Nine lenders that got government aid paid at least 1 million to 5000 employees. These are banks that last year, under the first Paulson bribe, got 33 billion. The nine firms in the report had combined 2008 losses of nearly 100 billion.
Sadly this is a grey line. Surprise you? Of course, Congress, which initially approved this whole bail out, pre Obama, we know were all on this graft, as the banks got money that seemed to go nowhere, everything collapsed, and all of us were paying consultants to figure out what the actuaries had actually done for all the brokerages and companies betting derivatives.
Some of this stuff was actually legitimate banking, and most of it how the guys have the country club prison down there in N.C. Bernie, Ebbers, and the boys.
Goldman just rapes during the second quarter, and we're all amazed how much money is being made.
But some argue we have to pay these top people to either 1. Analyze and get us out of our lies (Blackwater), or 2. Create new ways for the banks to make money, or continue legitimate trading.
I'll leave it here today. Think of this:
1. The banks are making money.
2. Corporate profits appear to be up. Much are from continued write offs of bad investments, but much because of cost cutting.
The market has been marvelously up for so many days. Wall Street is coming back. The economy is improving. We hear this each day, and are able to interpret the data we receive to prove that this is true.
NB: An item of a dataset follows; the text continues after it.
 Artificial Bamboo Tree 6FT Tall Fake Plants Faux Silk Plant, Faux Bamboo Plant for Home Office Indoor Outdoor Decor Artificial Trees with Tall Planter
And I asked subscribers at OEX to venture to this blog to hear why there is no black and white, no absolute, and we have a situation that we are not seeing the obvious with.
- The economy is still declining, but at a slower pace. This is seen postiively.
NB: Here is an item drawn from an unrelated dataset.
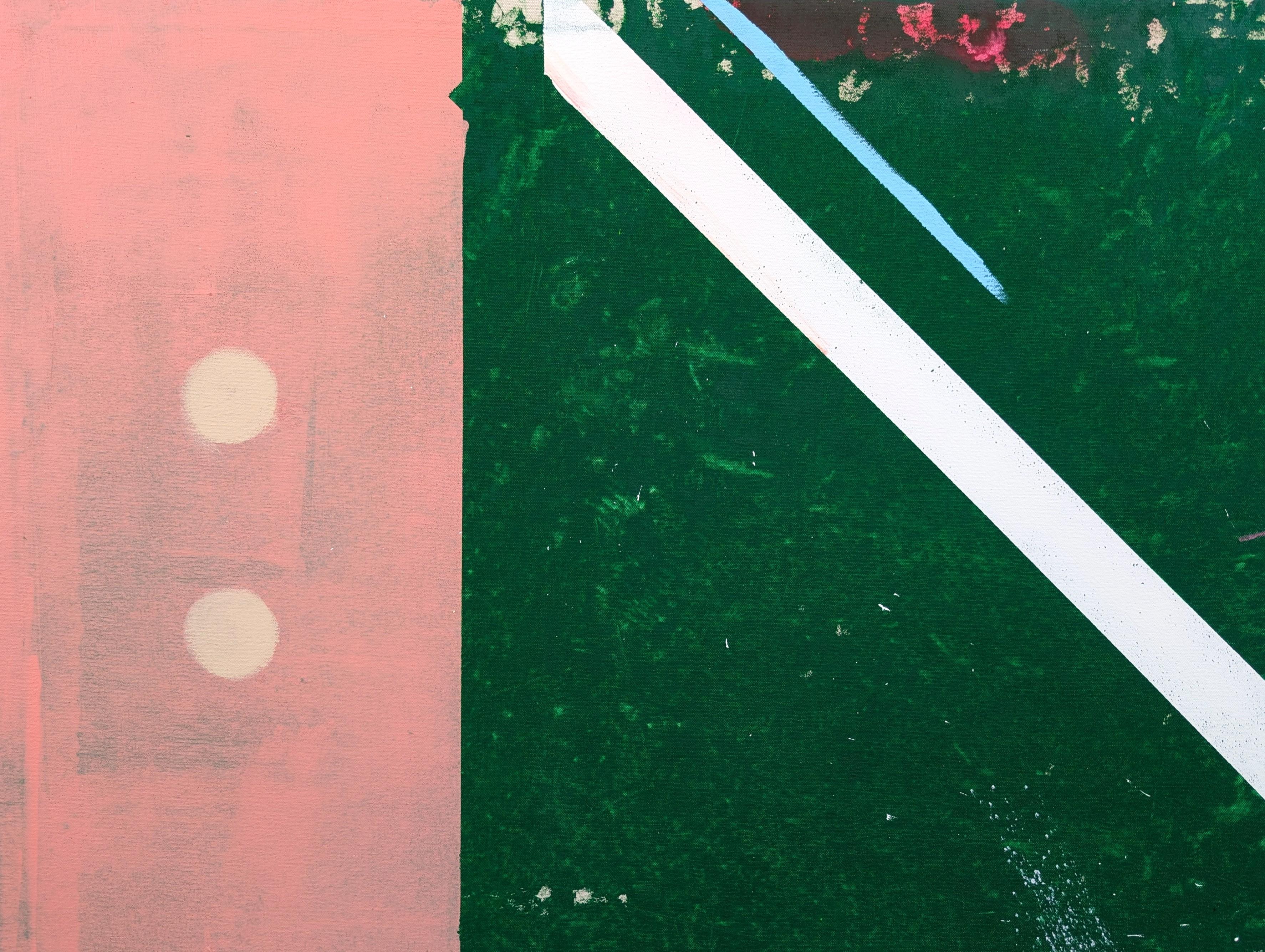 Zeitgenössische abstrakte Drei Cowboys gegen grüne Westernfigur Gemälde (Grün), Figurative Painting, von Nick Stevenson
- With good corporate earnings companies are doing better; sadly they are doing better right now only because they have laid off employees to the bare bone everywhere.
- When people are laid off they have less money, so they spend less.
- When homes decline in value by 30 to 50%, and don't sell because 1 of every 2 being sold is in foreclosure, people become more strapped.
- Banks, to be profitable, dropped credit ratings, put new interest rates in,and further raped the American people.
- New derivatives and ways to short the American people are already being developed on Wall Street.
- The American savings rate rose to its highest level in years, as people save more.